Globalization as the free flow of money, goods and people/workers...

To act wisely, you first have to see/recognize, to be aware, to understand. We live in a time where the way of seeing is in change and I think it is important in these times to speak truthfully... The idea of hiding ones perspective I think is a bad idea...

...leaving it all to money...

We're not primarily sellers... We were not born to hide our truthful meaning to sell something... I'm not here to win...
paul roehl

Boulder climber
california
Sep 3, 2018 - 03:00pm PT
We're not primarily sellers...

Maybe you want to re-think that, because the other side seems to be pretty good at it.
madbolter1

Big Wall climber
Denver, CO
Sep 3, 2018 - 04:34pm PT
When I speak truthfully I also say that it is primarily the Trumps of the world who ruin the earth, not ordinary people, you and me

Become a vegetarian or vegan, and then you can have a shred of moral high ground to make such a generalization.
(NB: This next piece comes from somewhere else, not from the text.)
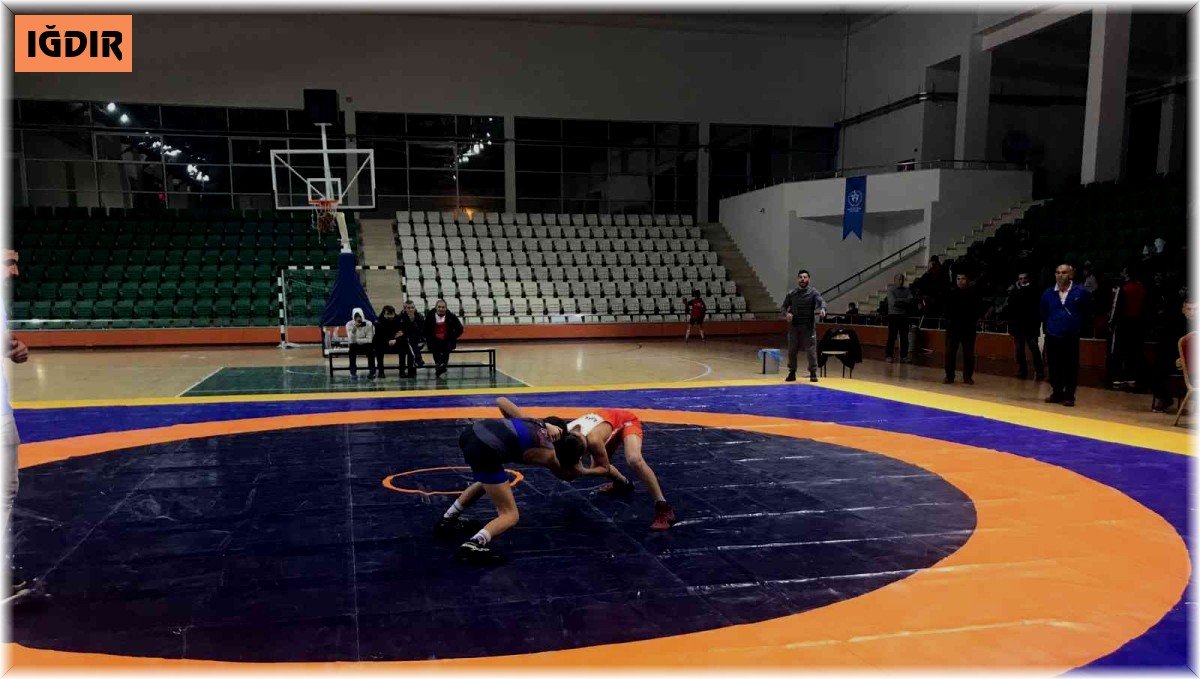 Iğdır'da güreş turnuvası heyecanı sona erdi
Trump doesn't eat any more meat in his meals than the average American. Don't single out the "elite" for special condemnation until you've done everything you can do personally.

What I mostly see is the average American complaining about how "the elites" are "ruining the planet," so there just HAVE to be some laws to rein them in (of course, without touching the lifestyle of the average American). Everybody wants a law that will affect "the other guy," but the average American lifestyle, being heavily dependent upon cattle (and their byproducts) production, contributes hugely to the "ruination of the planet."
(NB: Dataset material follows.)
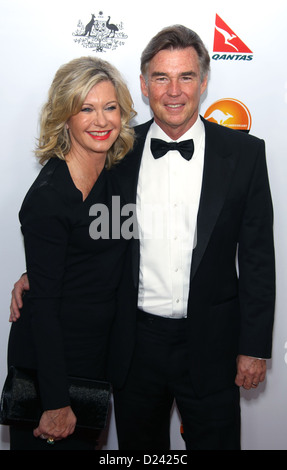 L'actrice Olivia Newton-John et mari John Easterling assister au G'DAY USA Los Angeles gala cravate noire à l'hôtel JW Marriott à Los Angeles, USA, le 12 janvier 2013. Photo : Hubert Boesl/dpa Banque D'Images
It's actually "the ordinary" people that are the big problem, because they contribute to the problem in large numbers.
High Fructose Corn Spirit

Gym climber
Sep 3, 2018 - 04:56pm PT
lol

Trump... Don't single out the "elite" ...

What made you think Trump signaled elite? when Trump actually signals liar, glutton, buffoon, jerk, narcissist.

lol

...

"the elites" are "ruining the planet"

Of course not, the elites include the experts, those with special skills and talents. The elites in this sense are saving our ass in too many ways currently to count.
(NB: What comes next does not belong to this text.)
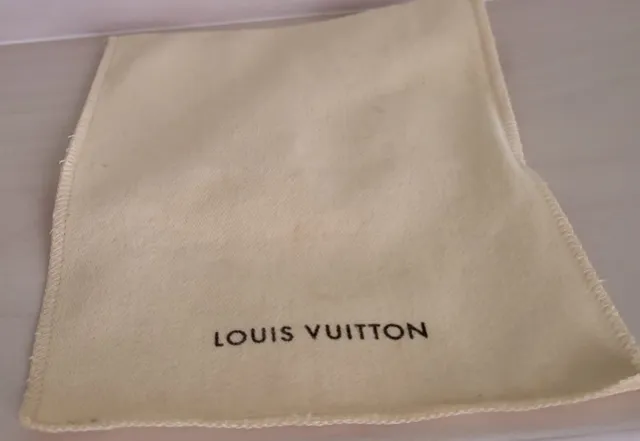 Mini dust bag Louis Vuitton; in ottime condizioni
The gluttons, the money grubbers, those with little sense of community or sharecraft are the culprits ruining the planet, ruining our chances. They are a far cry from the elites in my book.
madbolter1

Big Wall climber
Denver, CO
Sep 3, 2018 - 05:01pm PT
^^^ In typical fashion, you're reading me according to your own "take" rather than my actual context. I was responding to Marlow, not to you.

The context of definitions matters.
High Fructose Corn Spirit

Gym climber
Sep 3, 2018 - 05:07pm PT
Okay, perhaps I missed it. Where did Marlow call out Trump as an elite?
High Fructose Corn Spirit

Gym climber
Sep 3, 2018 - 05:15pm PT
Also, in above list of Trump identities, I forgot Dunning Kruger sufferer.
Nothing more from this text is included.